Detecting Hypervisor-assisted Hooking


I recently started to experiment with hypervisors and their use for bypassing anti-cheat or anti-tampering systems.

This post will describe the concept of hypervisor-assisted hooking and a few simple approaches to detect such hooks.

What is a hypervisor?

In short: A hypervisor allows to run virtual machines with hardware acceleration.

The concept of hypervisors in general is a huge topic, but for this post, all that depth doesn’t really matter.

The way virtualization is done using a hypervisor is by abstracting certain critical components. For example privileged instructions or memory.

This allows uncritical instructions to run on real hardware, while privileged operations can be intercepted and virtualized.

How is memory virtualized?

In modern hypervisor technologies, for example Intel VT-X or AMD-V, memory is virtualized by adding “Second Level Address Translation” (SLAT).

When resolving a virtual memory address to physical space in ram, the translation is not only done once by the kernel, but a second time by the hypervisor.

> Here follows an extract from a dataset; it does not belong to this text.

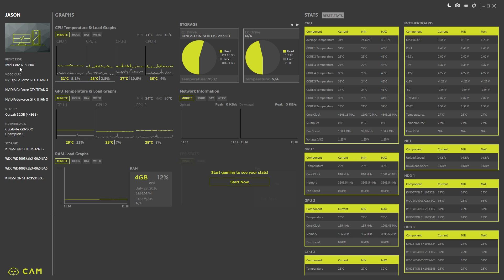Over on the left it gives you everything about your machine — your CPU core type, your video cards. I still have the three Titan X's; we haven't done my update yet. Our memory, our motherboard type — Gigabyte X99 SoC Champion CF. I'm running SLI. We also have our hard drives listed here. I've got a 240GB SSD for the OS, two Western Digital Black 4TB drives, and a 480GB Kingston SSD. You can see your RAM load in graph format, and if you double-click a core temperature you can expand it and see a history — over the last minute, the last hour, and last day and last week if you have the account set up sending data to the cloud.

That way, memory of virtual machines can be controlled by the host.

Intel calls this functionality “Extended Page Tables” (EPT), for AMD this is called “Nested Page Tables” (NPT).

This technology, however, is not limited to running virtual machines, because the CPU does not distinguish between host OS and virtualized OS. The hypervisor decides that. Therefore all kind of memory can be virtualized, including memory of the host OS.

How does hypervisor-assisted hooking work?

The idea of hypervisor-assisted hooking is to redirect code execution from a virtual page to a different physical page than reads or writes to the same virtual page.

I’m going to focus on Intel’s EPT technology. A description of how this works for AMD can be found here. However, due to limitations, the technique is by far not as powerful on AMD.

I’m not going to describe how address translation works on x86 in detail. If you want a good explanation, I can recommend reading this article.

However, in short, address translation is done using tables that describe where virtual memory pages reside in physical memory.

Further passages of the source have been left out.